Beel reminisces about the first commission he received after graduating from school and how this formative experience kickstarted his career.
GIANPIERO VENTURINI : Can you briefly go through the most important points of the beginning of your career and the reasons you decided to study architecture and to start the profession?
STÉPHANE BEEL: After school, I didn’t want to go to a big studio, I wanted to learn for myself. It was a bit stupid also because of course you have to learn from someone. But I did learn from the books and so on, and I had to earn money so I got a commission for a small house. I asked my clients, “Can I build this house, also, by myself?” They said okay. I’m not a mason so I don’t put bricks one on top of another, I worked on this house and I could do it myself as a non-specific constructor with materials that are used in building. So at that moment, I was working on architecture with my hands. It was really architecture with a big ‘a’ for me. I was working in my working clothes, pouring water to make concrete. At the end, when it was finished, we got an important prize for it so it was the beginning of my career. I felt I had to be very exact and that I had to do it myself so I never trusted anyone else to do it. And that’s why I did it and also because of the earnings. I just thought I’d do it on my own and then commissions came.

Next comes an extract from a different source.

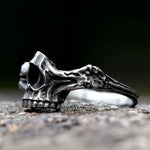 ☠️ Soulkeeper – Hollow Skull Ring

Beel discusses the organization of his office and in particular his positive interactions with coworkers.
GV: Is there any peculiar thing that represent the organisation or the way your office works?
SB: The people working in my office know how I deal with coincidence, they know I love to enter a coincidence, that you have to cherish it and you can take it into account and make positive things about it. They read about my early works and about my way of working and they come to me and ask to work with me. They know what direction we are working in and, at the same time, they work against it to try something new. For each commission, the project architect is responsible for that project and he goes to the client or he goes with me. He works on it from the start till the end.

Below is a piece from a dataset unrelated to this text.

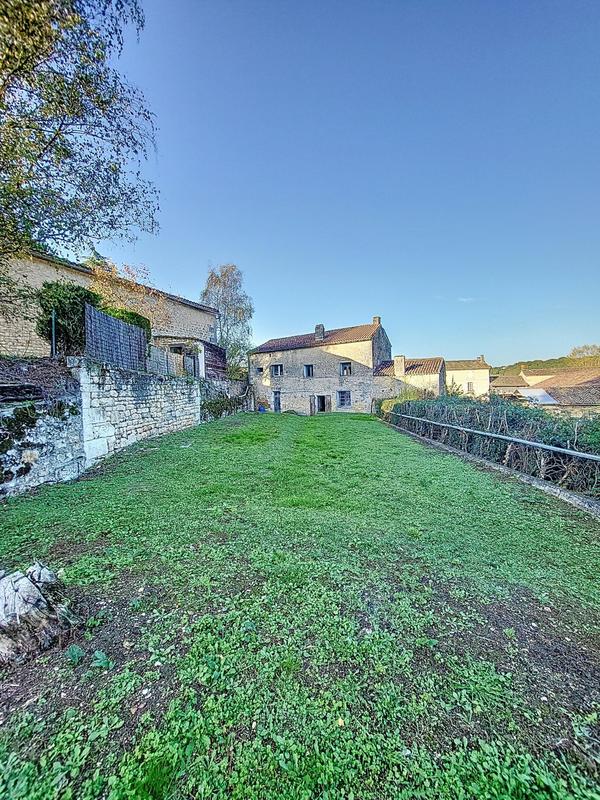 Maison - 180 m² - 5 pièces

Beel considers how technology can be used to aid and shape architecture in the future. He also discusses the relationship between the local and the global and applications of this relationship to architecture.
GV: What would you say about the future of architecture?
SB: We have to deal with a lot of changes now and the changes are happening more rapidly, we are dealing constantly with higher demand of technology and technology has to help us. It can help us to analyse all the stuff that is coming from all around and we have to have more specialists to deal with things that are more specific. We have to look to the city, to the global things - to think global and act local. Be aware of what’s happening in the world and act appropriately. These technical things can help us with reforming the city which means we don’t build only with architecture, for example, in Antwerp, we have the ring road, and they say we have to close the ring because of all the issues and that it’s no good for the people. I think it’s twenty years too late. They can better yet invest in things of the future, make the cars smarter, or maybe in twenty years, we won’t have cars anymore, we’ll be flying. Maybe we’ll be making buildings not with entrances at the bottom, but at the top. We have to think about all this at the same time.